SQL has been singularly successful in its impact on the database industry. Nothing has come remotely close to its ubiquity. Its success comes from its high-level use of relational algebra allowing set-oriented operations on data shaped as rows, columns, cells, and tables.
SQL's impact can be seen in two broad areas. First, the programmer can accomplish a lot very easily with set-oriented operations. Second, the high-level expression of the programmer's intent has empowered huge performance gains.
This article discusses how these features are dependent on SQL creating a notion of stillness through transactions and a notion of a tight group of tables with schema fixed at the moment of the transaction. These characteristics are what make SQL different from the increasingly pervasive distributed systems.
SQL has a brilliant past and a brilliant future. That future is not as the singular and ubiquitous holder of data but rather as a major figure in the pantheon of data representations. What the heck happens when data is not kept in SQL?
I launched my career in database implementation when Jimmy Carter was president. At the time, there were a couple of well-accepted representations for data storage: the network model was expressed in the CODASYL (Conference/Committee on Data Systems Languages) standard with data organized in sets having one set owner (parent) and multiple members (children); the hierarchical model ensured all data was captured in a tree structure with records having a parent-child-grandchild relationship. Both of these models required the programmer to navigate from record to record.
Then along came these new-fangled relational things. INGRES (and its language QUEL) came from UC Berkeley. System-R (and its language SQL) came from IBM Research. Both leveraged relational algebra to support set-oriented abstractions allowing powerful access to data.

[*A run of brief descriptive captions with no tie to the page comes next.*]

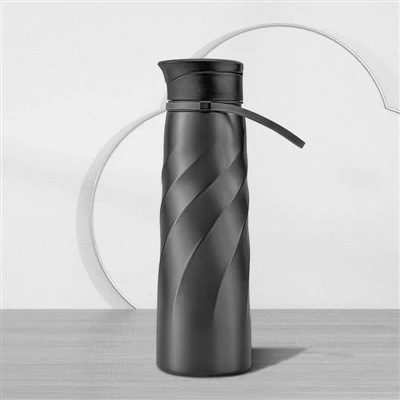 Sportowa butelka na wodę o pojemności 1000 ml typu Swirl z uchwytem do przenoszenia. Przenośny czajnik podróżny na zewnątrz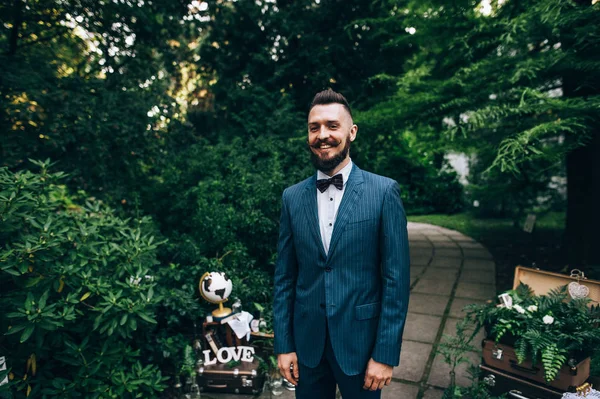 Tören yerinde duran damat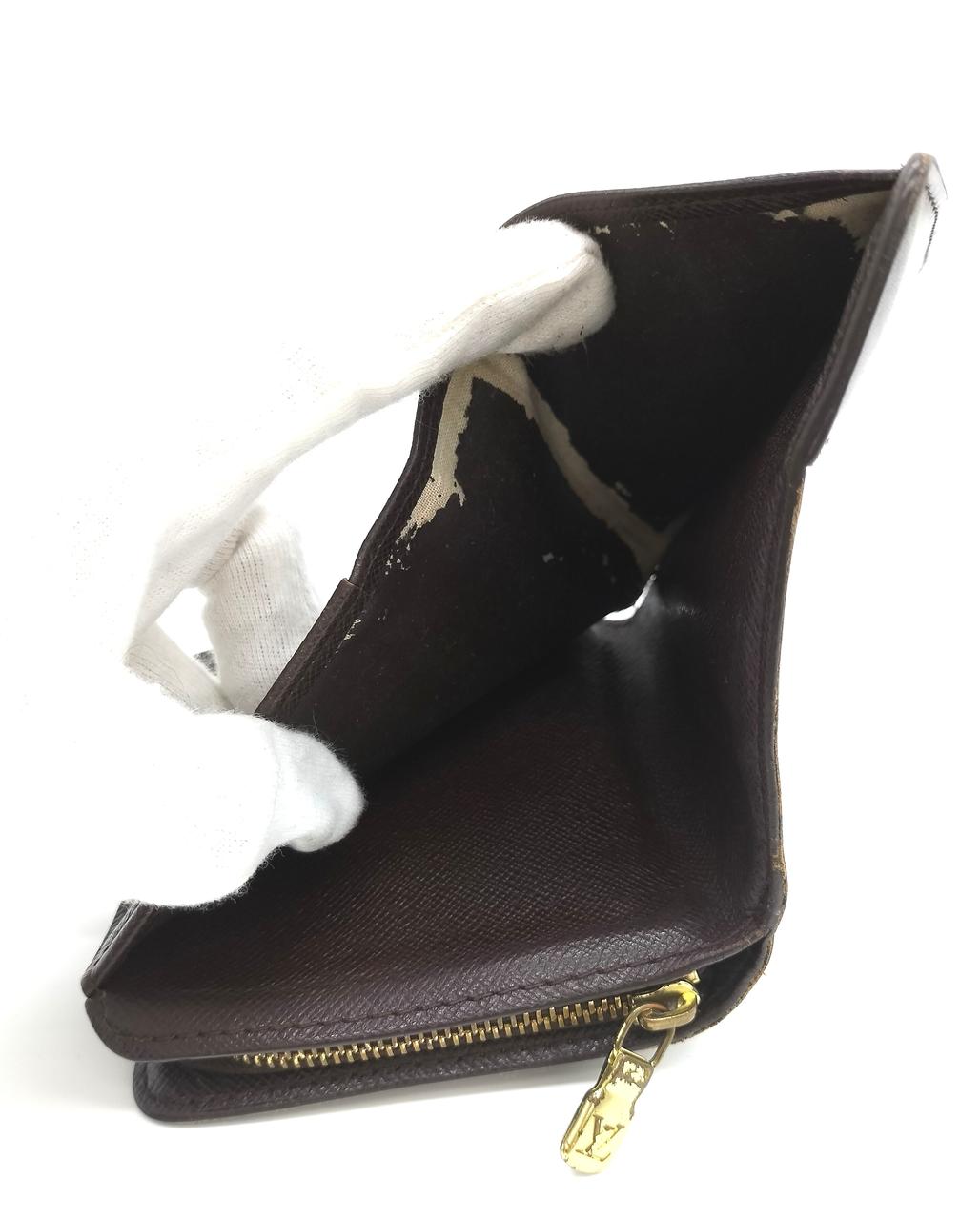 札入れ　剥がれ有り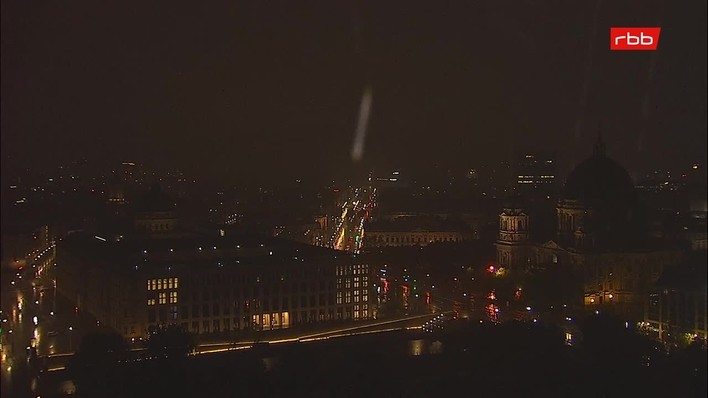 Archiv Foto Webcam Berlin: Rotes Rathaus und Berliner Dom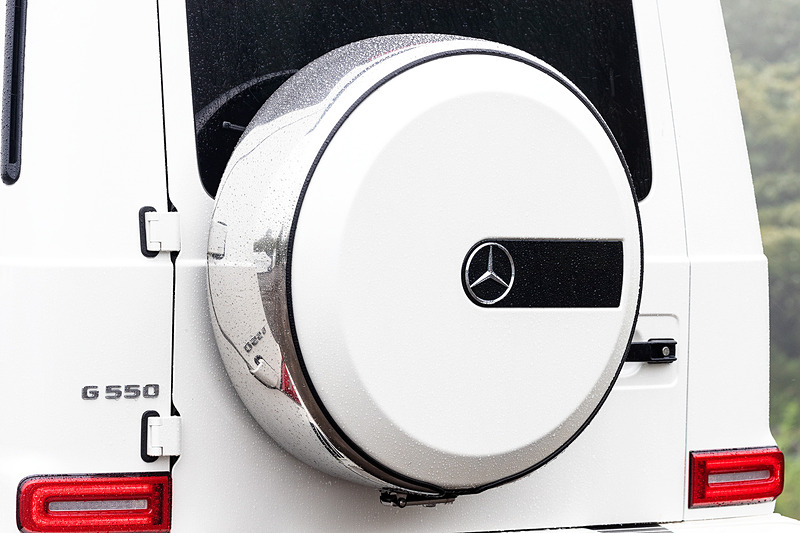 エクステリアでは堅牢なプロテクションモール、テールゲート外側のスペアタイヤ、外部に設けたドアヒンジとボディ面に載せるスタイルのボンネット、突出したウインカーなど、Gクラス独自のデザインを踏襲。一方でフラットなフロント/サイド/リアウィンドウは、リアウィンドウを除いてすべて微細な曲面を描いており、オフローダーとしての個性を継承しながらエアロダイナミクスを向上させている。タイヤはピレリのオールシーズンタイヤ「SCORPION ZERO」（タイヤサイズ：275/50 R20）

At first, they were really, really, really slow. I remember lively debates with database administrators who fervently believed they must be able to know the cylinder on disk holding their records! They most certainly did not want to change from their hierarchical and network databases. As time went on, SQL became inexorably faster and more powerful. Soon, SQL meant database and database meant SQL.
A funny thing happened by the early 2000s, though. People started putting data in places other than "the database." The old-time database people (including yours truly) predicted their demise. Boy, were we wrong!
Of course, for most of us who had worked so hard to build transactional, relational, and strongly consistent systems, these new representations of data in HTML, XML, JSON, and other formats didn't fit into our worldview. The radicals of the 1970s and 1980s became the fuddy-duddies of the 2000s. A new schism had emerged.
Relational databases have tables with rows and columns. Each column in a row provides a cell that is of a well-known type. Data Definition Language (DDL) specifies the tables, rows, and columns and can be dynamically changed at any time, transforming the shape of the data.
The fundamental principle in the relational model is that all interrelating is achieved by means of comparisons of values, whether these values identify objects in the real world or indicate properties of those objects. A pair of values may be meaningfully compared, however, if and only if these values are drawn from a common domain.
The stuff being compared in a query must have matching DDL or it doesn't make sense. SQL depends on its DDL being rigid for the duration of the query.
There is not really a notion of some portion of the SQL data having extensible metadata that arrives with the data. All of the metadata is defined before the query is issued. Extensible data is, by definition, not defined (at least at the receiver's system).
SQL's strength depends on a well-defined schema. Its set-oriented nature uses the well-defined schema for the duration of the operations. The data and metadata (schema) must remain still while SQL does its thing.
SQL is set oriented. Bad stuff happens when the set of data slides around during the computation. SQL is supposed to produce consistent results. Those consistent results are dependent on input data that appears to be unchanging.
Distributed transactions across different SQL databases are rare and challenging.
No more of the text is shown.